Cassirer has thus proposed a new view of the relations between perception and language. But how can we know that what he says is so? For he intends here no mere abstract proposition, but a proposal grounded in fact. He is not proposing merely an alternate interpretation of the phenomena, but a belief that there can be an empirical determination in the facts. That determination is to be found, according to Cassirer, in the known perceptual facts derived from brain pathology. Indeed, he says:

…the thoroughly individual, singular perception which sensationalism and with it the skeptical critique of language sets up as a supreme norm, an ideal of knowledge, is essentially nothing more than a pathological phenomenon … which occurs when perception begins to lose its anchor … [Cassirer observed Gelb and Goldstein's brain damaged patients. He says of one of them] … his sensations of light and color were intact or so little modified that their impairment could be regarded as irrelevant to optical recognition. [Then he quotes Gelb and Goldstein.] 'The patient sees colored and colorless spots… He also … sees whether a certain spot is … thin or thick, large or small, short or long… altogether, the spots arouse a chaotic impression and not, as in the normal individual, the impression of a specifically formed whole.

The sensationistic impressions that the introspectionist doctrine espoused appear to be found only in the brain damaged individual. His perceptions are spots rather than organized entities whose meaning is directly given: lime, sunlight, face up, etc. The spots do not possess spontaneous meanings, but are empty of meaning and can be used only by making intellectual inferences about them.

And despite the severity of his brain damage, this patient is able to make inferences about what is happening. At one point Cassirer is walking with the patient when there is a man sweeping about 50 paces away. Cassirer reports:

The patient says spontaneously: 'That man is sweeping, I know it. I see him every day.' (What do you see [Cassirer asks]?) 'A long line, then something down below, sometimes here, sometimes there.' On this occasion he relates spontaneously how he distinguishes people from cars on the street. People are all alike: narrow and long, cars are wide; you notice that at once, much thicker.

Instead of seeing a person, he sees a kind of line and infers that it is a person; instead of seeing a car, he infers that the extended spot is a car.

It is the brain damaged then who fit the picture that a sensationalist and intellectualist psychology provided. The optical picture of their world is one of isolated fragments which have no meaning. And the meaning is then inferred by an intellectual operation. The sensationalistic and intellectualistic doctrine which was ment to describe all normal perception is found to apply only to the brain damaged. As Cassirer says: "In normal perception every particular aspect is always related to a comprehensive context, an ordered and articulated totality of aspects, and draws its interpretation and meaning from this relation." The French-English dictionary before me is certainly particular, but it has a general component. That dictionary has a place among all other dictionaries and 'draws its interpretation and meaning from this relation.' The percept, just as is the concept of language, 'is always related to a comprehensive context.' Cassirer has here united his definition of the concept with his definition of the percept. The concept is a general term which organizes and relates those items that belong together and separates them from those that do not belong with them. But the percept also, he says, has the quality of relating and separating. The lime seen is related to other white powders—and this is given in the percept—and the lime is separate from the nonpowders—and this too is given in the percept itself.

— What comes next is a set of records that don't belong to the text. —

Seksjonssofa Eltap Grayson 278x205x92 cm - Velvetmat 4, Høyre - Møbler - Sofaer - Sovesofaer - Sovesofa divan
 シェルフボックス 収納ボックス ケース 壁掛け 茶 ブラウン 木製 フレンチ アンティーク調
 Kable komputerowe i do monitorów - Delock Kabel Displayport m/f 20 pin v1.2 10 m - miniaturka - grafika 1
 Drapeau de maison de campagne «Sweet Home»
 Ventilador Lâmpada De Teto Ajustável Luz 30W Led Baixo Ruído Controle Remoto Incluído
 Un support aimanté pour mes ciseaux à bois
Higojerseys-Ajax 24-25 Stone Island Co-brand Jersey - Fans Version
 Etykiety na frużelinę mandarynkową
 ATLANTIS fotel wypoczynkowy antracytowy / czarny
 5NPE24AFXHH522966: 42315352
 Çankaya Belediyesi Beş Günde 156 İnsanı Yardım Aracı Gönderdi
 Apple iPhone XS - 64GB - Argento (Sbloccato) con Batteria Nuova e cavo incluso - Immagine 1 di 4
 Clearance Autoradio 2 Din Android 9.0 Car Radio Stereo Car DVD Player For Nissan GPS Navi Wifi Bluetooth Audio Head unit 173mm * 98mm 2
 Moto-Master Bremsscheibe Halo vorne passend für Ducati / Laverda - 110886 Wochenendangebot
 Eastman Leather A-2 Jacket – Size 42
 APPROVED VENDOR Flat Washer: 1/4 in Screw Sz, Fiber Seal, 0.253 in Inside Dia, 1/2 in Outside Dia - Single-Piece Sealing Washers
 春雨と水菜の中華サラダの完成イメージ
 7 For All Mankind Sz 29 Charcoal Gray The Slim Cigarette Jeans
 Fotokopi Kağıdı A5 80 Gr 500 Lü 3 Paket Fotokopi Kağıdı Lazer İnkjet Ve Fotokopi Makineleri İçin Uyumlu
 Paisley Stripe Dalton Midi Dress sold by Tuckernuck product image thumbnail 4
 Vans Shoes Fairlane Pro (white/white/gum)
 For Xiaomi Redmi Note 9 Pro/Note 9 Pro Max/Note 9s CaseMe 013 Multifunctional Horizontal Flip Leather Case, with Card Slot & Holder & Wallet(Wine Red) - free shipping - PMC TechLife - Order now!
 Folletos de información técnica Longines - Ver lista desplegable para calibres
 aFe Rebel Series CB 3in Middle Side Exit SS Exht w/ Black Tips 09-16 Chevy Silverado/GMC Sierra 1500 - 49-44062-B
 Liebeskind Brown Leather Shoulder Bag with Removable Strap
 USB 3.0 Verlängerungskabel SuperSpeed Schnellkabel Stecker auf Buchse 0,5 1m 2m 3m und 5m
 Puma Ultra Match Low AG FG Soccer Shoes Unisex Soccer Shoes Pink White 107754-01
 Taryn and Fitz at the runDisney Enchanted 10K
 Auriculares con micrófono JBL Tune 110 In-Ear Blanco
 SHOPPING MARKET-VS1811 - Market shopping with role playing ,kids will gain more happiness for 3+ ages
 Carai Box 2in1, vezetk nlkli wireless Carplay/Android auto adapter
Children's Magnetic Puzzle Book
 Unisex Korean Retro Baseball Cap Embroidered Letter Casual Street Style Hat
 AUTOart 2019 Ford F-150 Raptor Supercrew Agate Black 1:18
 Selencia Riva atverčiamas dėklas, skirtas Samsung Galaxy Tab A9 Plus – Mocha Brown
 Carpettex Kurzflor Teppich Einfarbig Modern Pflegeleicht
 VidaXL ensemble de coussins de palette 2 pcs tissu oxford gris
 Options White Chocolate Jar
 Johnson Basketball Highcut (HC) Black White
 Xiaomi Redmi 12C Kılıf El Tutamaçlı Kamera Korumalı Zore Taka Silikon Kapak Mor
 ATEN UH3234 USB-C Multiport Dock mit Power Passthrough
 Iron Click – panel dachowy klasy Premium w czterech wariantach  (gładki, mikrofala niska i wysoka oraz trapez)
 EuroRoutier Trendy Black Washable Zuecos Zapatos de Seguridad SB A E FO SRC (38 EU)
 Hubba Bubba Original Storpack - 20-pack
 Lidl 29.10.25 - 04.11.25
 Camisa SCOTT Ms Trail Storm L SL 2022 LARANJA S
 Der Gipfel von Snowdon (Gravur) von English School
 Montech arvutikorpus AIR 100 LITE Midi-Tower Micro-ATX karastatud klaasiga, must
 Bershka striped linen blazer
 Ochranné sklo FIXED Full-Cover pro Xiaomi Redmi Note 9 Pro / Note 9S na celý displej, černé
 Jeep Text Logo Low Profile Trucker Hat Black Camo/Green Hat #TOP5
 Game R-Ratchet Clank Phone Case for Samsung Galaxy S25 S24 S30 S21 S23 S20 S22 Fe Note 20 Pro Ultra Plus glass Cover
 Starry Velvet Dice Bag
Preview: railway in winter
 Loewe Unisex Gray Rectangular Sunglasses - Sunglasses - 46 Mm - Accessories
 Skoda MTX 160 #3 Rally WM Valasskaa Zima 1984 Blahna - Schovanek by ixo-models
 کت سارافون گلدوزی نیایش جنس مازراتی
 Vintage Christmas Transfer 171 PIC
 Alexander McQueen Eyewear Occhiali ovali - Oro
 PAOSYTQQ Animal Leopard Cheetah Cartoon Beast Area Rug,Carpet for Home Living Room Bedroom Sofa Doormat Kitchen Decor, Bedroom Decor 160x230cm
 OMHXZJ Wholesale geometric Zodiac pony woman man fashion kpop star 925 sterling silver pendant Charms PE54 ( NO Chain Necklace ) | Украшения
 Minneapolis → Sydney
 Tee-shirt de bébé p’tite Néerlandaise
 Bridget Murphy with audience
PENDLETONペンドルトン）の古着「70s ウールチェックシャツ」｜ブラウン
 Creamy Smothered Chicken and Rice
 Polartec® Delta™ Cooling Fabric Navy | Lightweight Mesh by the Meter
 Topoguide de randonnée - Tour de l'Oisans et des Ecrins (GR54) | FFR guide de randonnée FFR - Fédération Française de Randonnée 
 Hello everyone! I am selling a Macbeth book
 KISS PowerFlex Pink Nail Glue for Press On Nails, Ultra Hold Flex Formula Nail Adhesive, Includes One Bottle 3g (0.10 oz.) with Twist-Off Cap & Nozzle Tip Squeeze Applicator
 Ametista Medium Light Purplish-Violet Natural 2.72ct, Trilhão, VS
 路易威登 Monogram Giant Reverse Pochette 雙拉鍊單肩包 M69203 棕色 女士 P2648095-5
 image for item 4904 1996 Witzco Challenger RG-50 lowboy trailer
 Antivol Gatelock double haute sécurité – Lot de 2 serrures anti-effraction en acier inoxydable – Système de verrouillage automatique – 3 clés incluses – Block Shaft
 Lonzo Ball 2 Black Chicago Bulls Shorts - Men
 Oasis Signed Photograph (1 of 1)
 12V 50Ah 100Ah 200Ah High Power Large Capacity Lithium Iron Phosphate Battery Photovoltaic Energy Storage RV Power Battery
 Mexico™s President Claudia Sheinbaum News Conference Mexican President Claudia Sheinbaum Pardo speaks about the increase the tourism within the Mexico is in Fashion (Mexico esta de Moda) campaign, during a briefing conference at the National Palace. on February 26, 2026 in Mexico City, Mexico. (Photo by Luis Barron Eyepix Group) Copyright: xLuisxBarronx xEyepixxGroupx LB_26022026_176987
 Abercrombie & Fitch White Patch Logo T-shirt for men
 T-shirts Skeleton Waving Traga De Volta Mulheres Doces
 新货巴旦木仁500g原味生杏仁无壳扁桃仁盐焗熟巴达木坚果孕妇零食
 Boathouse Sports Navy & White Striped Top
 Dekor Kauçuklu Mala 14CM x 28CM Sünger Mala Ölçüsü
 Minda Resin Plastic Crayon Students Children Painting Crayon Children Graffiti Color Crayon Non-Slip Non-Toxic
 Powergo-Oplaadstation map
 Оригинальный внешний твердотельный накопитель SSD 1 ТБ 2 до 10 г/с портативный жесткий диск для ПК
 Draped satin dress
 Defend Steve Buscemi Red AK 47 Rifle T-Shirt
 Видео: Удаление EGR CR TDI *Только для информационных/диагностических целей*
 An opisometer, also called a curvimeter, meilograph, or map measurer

Cassirer has united percepts and language by showing that the sensationalistic and intellectualistic doctrines that would rob the percept of its own meaning apply only to the brain damaged. He then shows that percepts themselves have, in rudimentary form, the relating and separating qualities that concepts have. And since concepts are linguistic, language and percepts share a symbolic component and function in a like manner. Even today the empirical fields of perception and of the psychology of language have not fully grasped this unification.